C’est un monde en lutte.
Un monde où chaque seconde gagnée sur le Mort est un espoir.
©Cédric Gerbehaye |
Ils sont là, anonymes, fidèles à leurs postes. Sentinelles du désespoir.
Ils sont là médecins, infirmières, secrétaires. Masqués, gantés, bardés de protections que l’on met de longs moments à enfiler, à enlever. Alors, on ne les pose que si vraiment on ne tient plus, que la fatigue ravage les corps, les âmes.
Le désinfectant nettoie les vivants, les défunts ; la machine à coudre fabrique de dérisoires protections. Les yeux scrutent derrière les masques croisant des regards hâves, exténués, embués de larmes. Qu’importe, il faut combattre sans relâche cette maladie invisible.
Dont on ne sait rien ou pas grand-chose.
Et qui ronge…
» Une routine du vide « écrira Caroline Lamarche.
©Cédric Gerbehaye |
Dehors, c’est la folie des jours confinés. Comme on ne sait se protéger, on se terre.
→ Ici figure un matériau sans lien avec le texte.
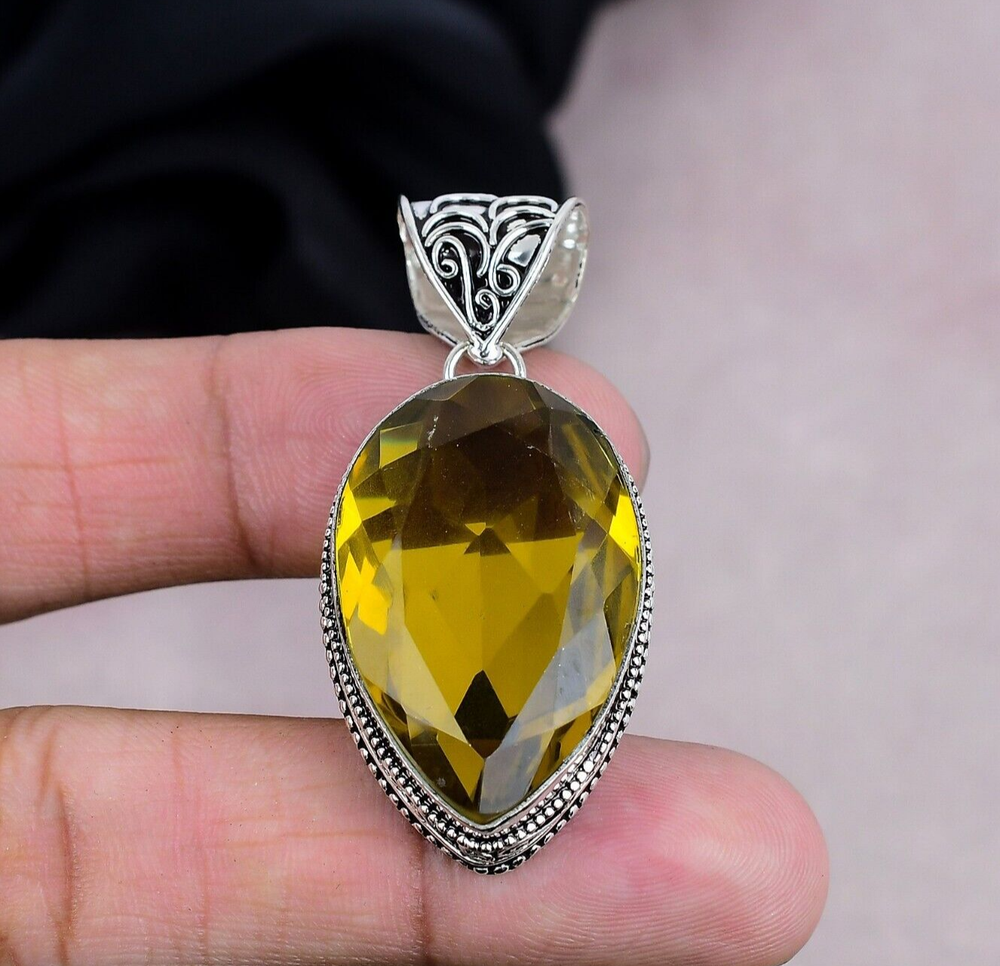 Citrine Gemstone Sterling Silver Pendant for Engagement Gifts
Mais la contagion rattrape les Hommes.
Un corps allongé à même le sol ; la tendresse d’un baiser.
Les cercueils seront-ils assez grands ?
Les kids se masquent le visage de bandanas ; il tousse les bronches encrassées d’un virus délétère.
La police veille qui ne peut protéger contre un ennemi invisible.
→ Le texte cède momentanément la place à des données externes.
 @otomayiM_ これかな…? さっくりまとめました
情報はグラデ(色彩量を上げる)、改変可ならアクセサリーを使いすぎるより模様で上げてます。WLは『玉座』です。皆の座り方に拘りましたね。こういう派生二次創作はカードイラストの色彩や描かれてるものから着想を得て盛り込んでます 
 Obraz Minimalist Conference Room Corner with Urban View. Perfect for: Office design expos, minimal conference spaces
Et dans les maisons de retraite, des fantômes gisent immobiles dans leurs nuits nécropoles, reclus.
©Cédric Gerbehaye |
En fin d’ouvrage une série de portraits de soignants offre un regard saisissant sur ces anonymes qui ont su se dévouer avec une abnégation inégalée pour faire tenir un système qui aurait dû s’effondrer.
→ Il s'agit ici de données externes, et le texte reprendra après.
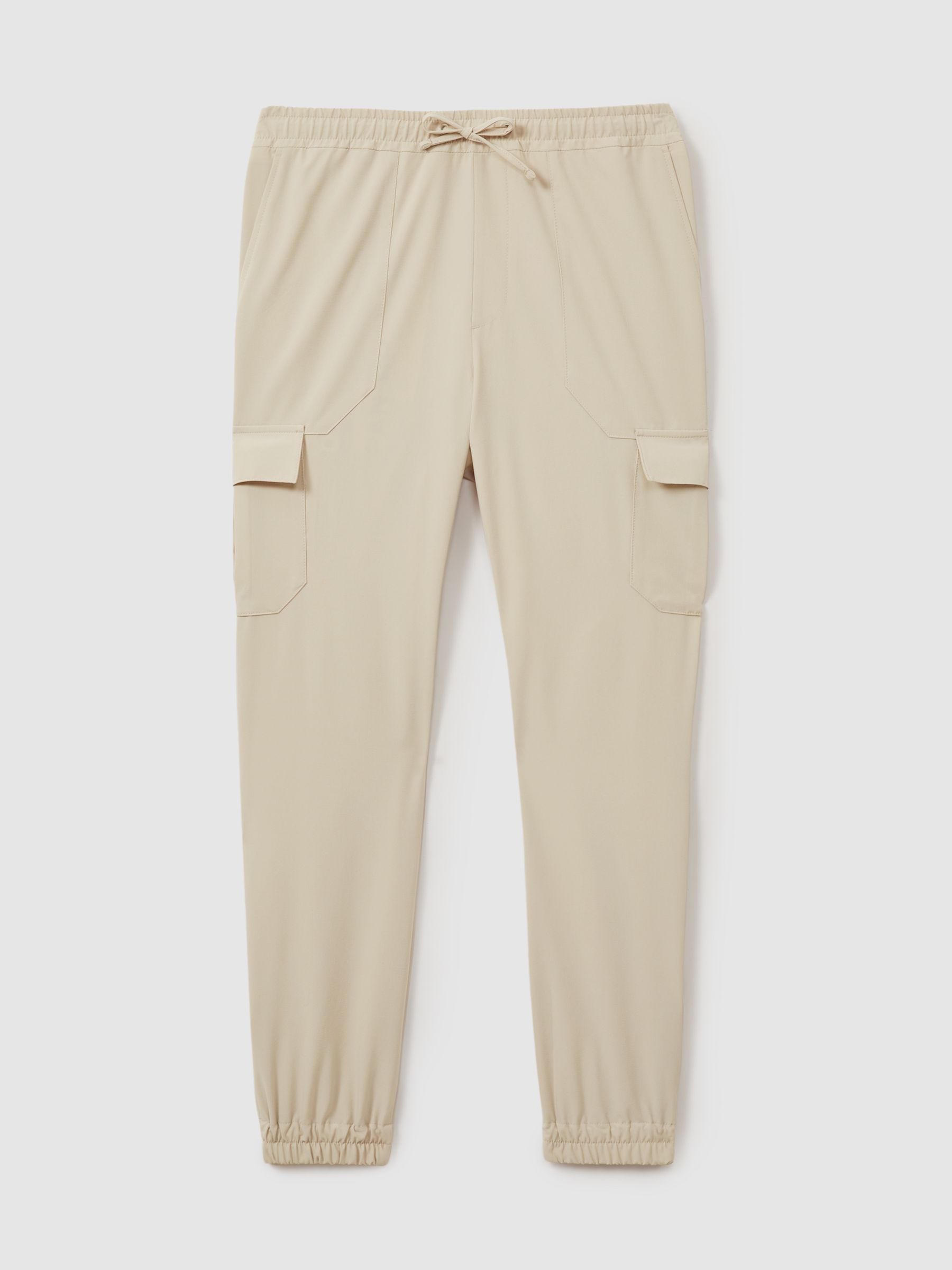 Elasticated Cargo Trousers in Stone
Parce que Zoonose c’est aussi ça : la chronique d’un moment où rien n’était ni prévu, ni organisé montrant une forme de déshérence des pouvoirs publics.
Déshérence qui n’est pas propre à la Belgique, notons-le.
Le très beau texte de Caroline Lamarche mêlant interview, réflexions personnelles, fait écho à la violente beauté des photographies noir et blanc de Cédric Gerbehaye.
Par ce livre, nous, ceux qui étions cloitrés à domicile, prenons la mesure de ce qu’a été la vie hospitalière en ces heures dramatiques.
Une course infinie, marathon s’éternisant durant des mois et des vagues.
Un combat de tous les instants contre un fléau inconnu, mais aussi contre son propre corps, sa fatigue, son désespoir.
Qu’ils sont admirables ces soignants. Qu’ils sont humains ces malades s’accrochant à la vie. Qu’ils sont seuls ces vieillards enfermés.
Lire Zoonose, c’est, peut-être, s’interroger sur ce qui devrait primer à l’avenir.
L’économie ? Les banques ? Le libéralisme ?
Ou bien l’Homme, l’amitié, la camaraderie ?
L’amour de l’autre.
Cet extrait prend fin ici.